Un plan pour renforcer la négociation collective
Les députés de la Commission du Travail ont reçu le ministre du Travail Marc Spautz afin de faire le point sur le Plan d'action national pour promouvoir la négociation collective, élaboré avec les partenaires sociaux au sein du Comité permanent du travail et de l'emploi (CPTE).

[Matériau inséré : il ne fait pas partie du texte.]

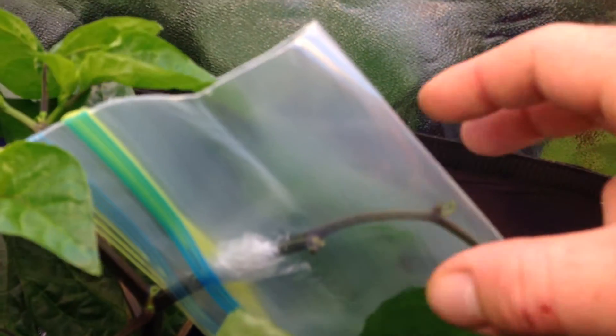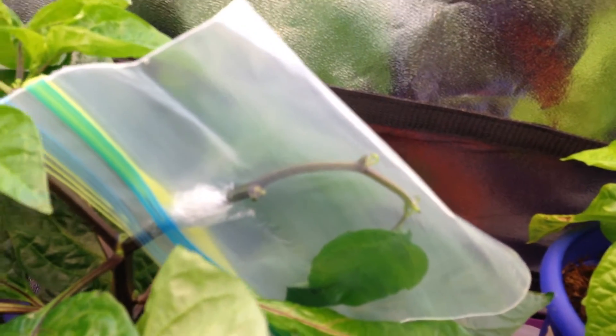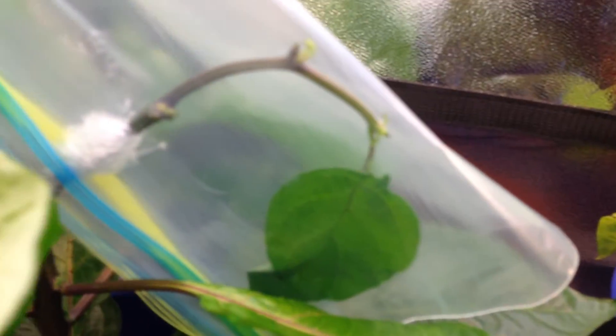I took this branch from the peach bucilochia, shaved down the edges, and trimmed off this branch from the chocolate scorpion. I made a slit down it, shoved it in there, and wrapped it up with saran wrap nice and tight, then put a bag on it.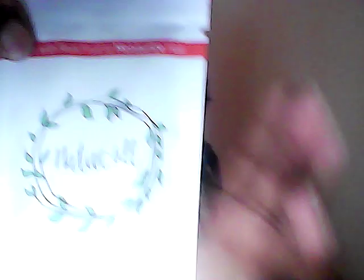I'm using this product for the first time. I've already washed my hair, so I'm about to apply this conditioner.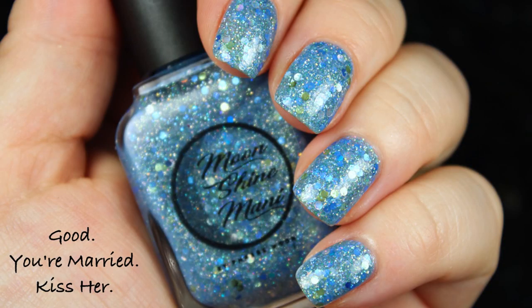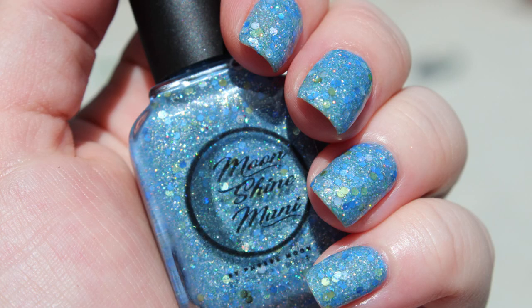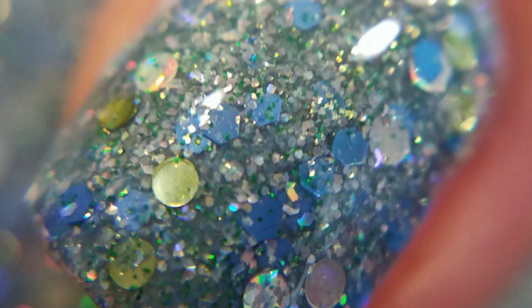The Glitter Lover is really going to love this polish. I was really digging the light green and blue together — it just felt so sweet but also very regal, not really bridal but regal. That's why I named it Good, You're Married, Kiss Her, and this could definitely be a 'something blue' polish at your wedding. It's just so fun — I've got high holo, high sparkle content going on. My photo is two coats with top coat, and I think I might have done a couple coats of top coat there.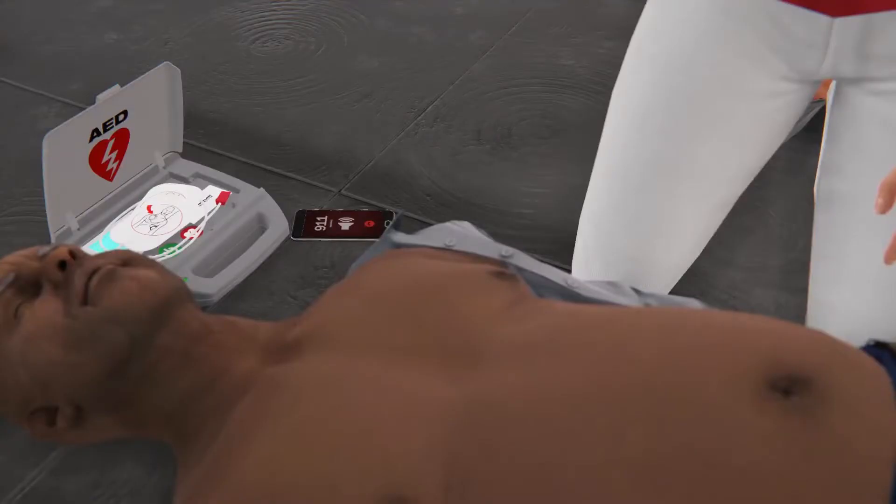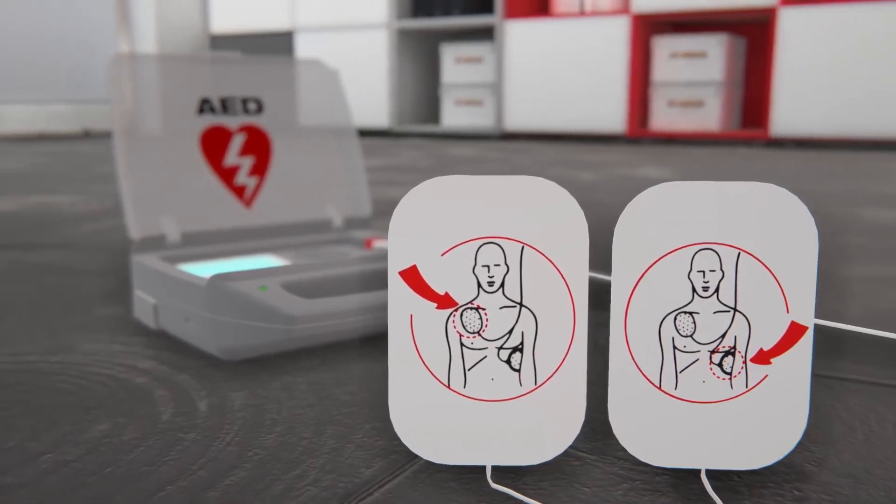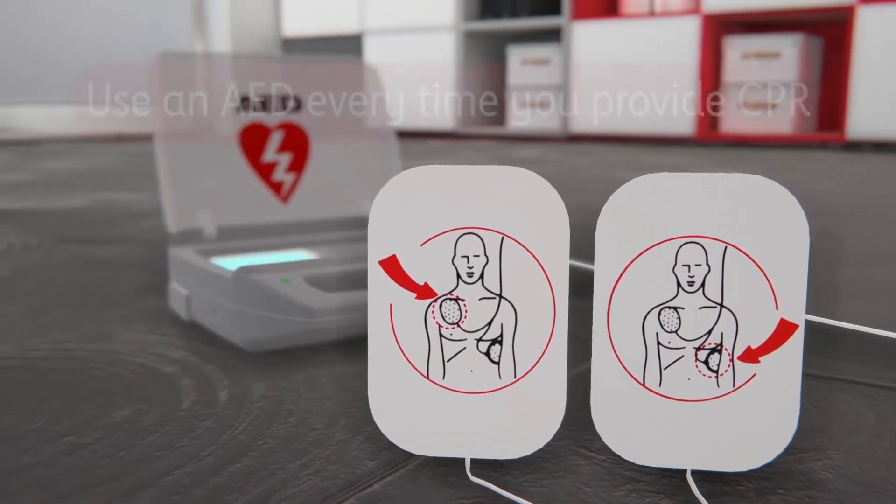You must remove all clothes that cover the chest, as AED pads must not be placed over any clothing or jewelry. CPR combined with using an AED — automated external defibrillator — provides the best chance of saving a life.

Si les parlementaires se sont félicités de la reprise du dialogue social, ils estiment que le travail ne fait que commencer.

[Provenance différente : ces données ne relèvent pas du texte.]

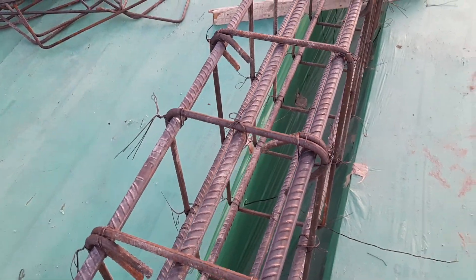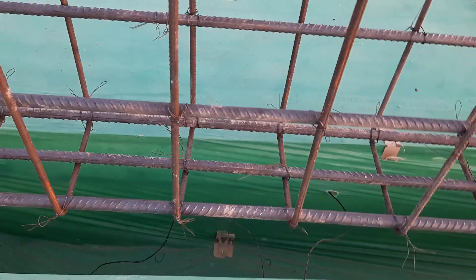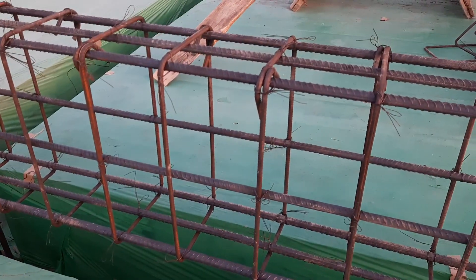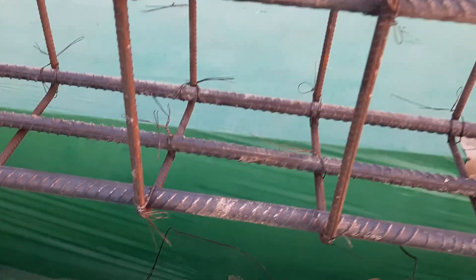You can see we have three steel rods at the bottom, three at the top, and two side bars. Diameter is 16 millimeter — this is the proper design of steel reinforcement for the floor beam. The stirrup spacing is okay and hooks are bent at 135 degrees, so this is also best practice.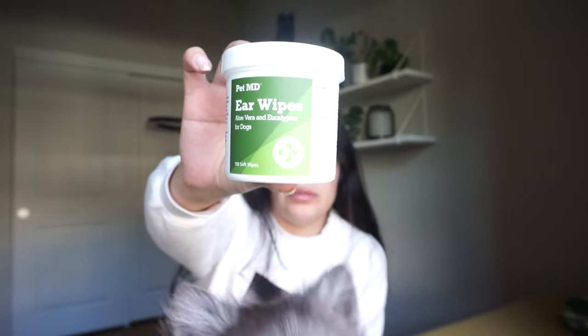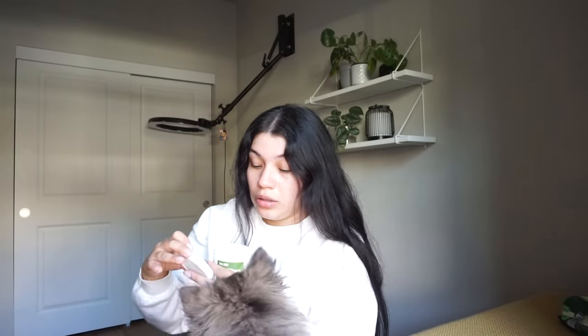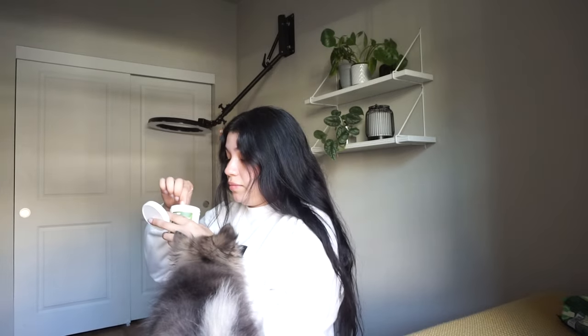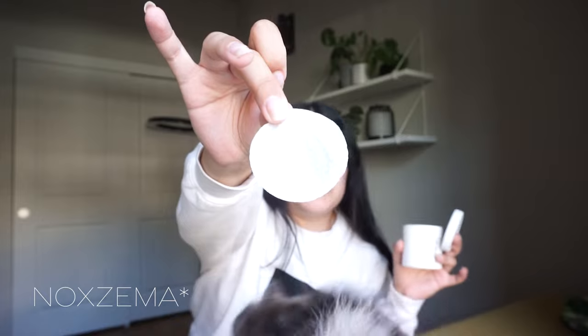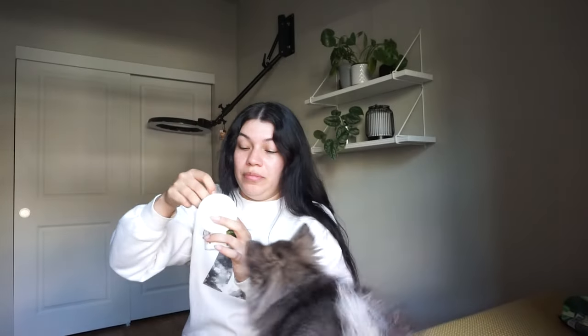The second thing — I noticed her ears were starting to get some wax buildup, so when I was looking at ear solutions or wipes for her on Amazon, I ran into these. They're called ear wipes with aloe vera and eucalyptus for dogs. They're 100 soft wipes, and they work perfect for her because she's so little. They're pretty small — they remind me of like the Neutrogena face wipes they have at the store.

C’est notamment sur demande de la sensibilité politique déi Gréng que les députés se sont réunis ce mardi 21 juillet pour faire le point sur l’état et les prochaines étapes du dialogue entre partenaires sociaux en matière de promotion de la négociation collective et le renforcement juridique des accords négociés entre patronat et salariés. Le plan, transmis aux députés et expliqué par le ministre du Travail Marc Spautz en commission, doit servir de base de travail.
Il comporte plusieurs axes :
- Renforcer le dialogue social en réaffirmant son rôle central dans le modèle luxembourgeois.
- Mieux connaître la couverture des conventions collectives grâce à la création d'une base de données nationale anonymisée.
- Informer et sensibiliser les entreprises, notamment les multinationales, au fonctionnement et aux avantages du dialogue social luxembourgeois.
- Encourager la conclusion de nouvelles conventions collectives, notamment en étudiant des incitations dans les marchés publics.
- Adapter le cadre législatif pour renforcer la sécurité juridique des conventions collectives et donner davantage de marge à la négociation collective (organisation du temps de travail, transposition de directives, modernisation de la conciliation).
- Assurer un suivi et une évaluation réguliers de la mise en œuvre du plan au sein du CPTE afin de mesurer les progrès réalisés en matière de couverture des salariés par des conventions collectives.
La sécurité juridique des conventions collectives est essentielle
L’échange entre les députés et le ministre a porté sur plusieurs points. Ils ont notamment débattu des règles en matière de protection des données dans le contexte de la mise en place d’une base de données évoquée dans le plan.
La possibilité de privilégier des entreprises qui disposent d’une convention collective dans le cadre de marchés publics a également suscité l’intérêt de plusieurs députés qui se sont dits favorables à cette idée.
Enfin, la question de la sécurité juridique des conventions collectives a occupé une large partie des échanges. Plusieurs députés ont estimé qu'il fallait éviter que des dispositions librement négociées entre partenaires sociaux puissent ensuite être écartées par les tribunaux. Le ministre a indiqué que les réformes législatives envisagées visent à fixer un cadre légal clair – notamment en matière d'organisation du temps de travail – laissant ensuite aux partenaires sociaux une plus grande marge de négociation, tout en garantissant une meilleure sécurité juridique des conventions collectives.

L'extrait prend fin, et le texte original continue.